Airflow Measurement Procedures For measurement through return only: Prior to measurement: • Check that economizer is in desired position (minimum air, all open, all closed, etc.). • Attempt to seal up any bypass gaps downstream of filter slot, except possibly for economizer,

if it is desired to have economizer open fully or partially. These gaps can be around the filter slot, around the economizer, or at connections between the filter slot and the supply side of the blower. Gaps around the blower compartment are especially likely and need attention. Do not worry about gaps around the filter itself.
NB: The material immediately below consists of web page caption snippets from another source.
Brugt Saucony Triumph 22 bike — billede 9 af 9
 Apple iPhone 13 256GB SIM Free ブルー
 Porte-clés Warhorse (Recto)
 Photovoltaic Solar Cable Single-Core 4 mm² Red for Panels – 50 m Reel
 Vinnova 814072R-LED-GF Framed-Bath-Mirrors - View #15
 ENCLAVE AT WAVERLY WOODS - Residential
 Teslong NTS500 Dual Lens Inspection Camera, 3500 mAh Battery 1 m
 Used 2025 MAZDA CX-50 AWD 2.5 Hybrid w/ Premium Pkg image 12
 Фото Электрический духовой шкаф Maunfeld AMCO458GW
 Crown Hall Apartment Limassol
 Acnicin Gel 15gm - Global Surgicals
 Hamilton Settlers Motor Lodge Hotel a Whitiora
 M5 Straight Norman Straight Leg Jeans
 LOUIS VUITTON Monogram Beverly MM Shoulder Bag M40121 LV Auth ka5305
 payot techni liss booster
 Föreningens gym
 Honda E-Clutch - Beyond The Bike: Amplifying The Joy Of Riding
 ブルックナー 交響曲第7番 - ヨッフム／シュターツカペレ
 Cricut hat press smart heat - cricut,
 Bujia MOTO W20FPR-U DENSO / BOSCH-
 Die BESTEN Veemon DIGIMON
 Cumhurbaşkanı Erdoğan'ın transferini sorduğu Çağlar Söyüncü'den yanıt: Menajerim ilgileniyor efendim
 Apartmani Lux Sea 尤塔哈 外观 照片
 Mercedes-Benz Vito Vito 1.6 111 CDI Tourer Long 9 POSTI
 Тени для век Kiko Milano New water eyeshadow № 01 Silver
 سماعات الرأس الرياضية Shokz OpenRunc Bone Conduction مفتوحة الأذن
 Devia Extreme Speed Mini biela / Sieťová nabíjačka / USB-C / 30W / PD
• Install a static pressure tap firmly on the supply side, with the point facing into the air stream. This tap must be fixed such that it will not move during the entire test. If there is plenum available, this is the ideal location. If it is not available, going in through the blast gate in the blower compartment is acceptable. If this is also not possible, and there is no other supply location available, place the tap as far upstream of the filter on the return side as possible.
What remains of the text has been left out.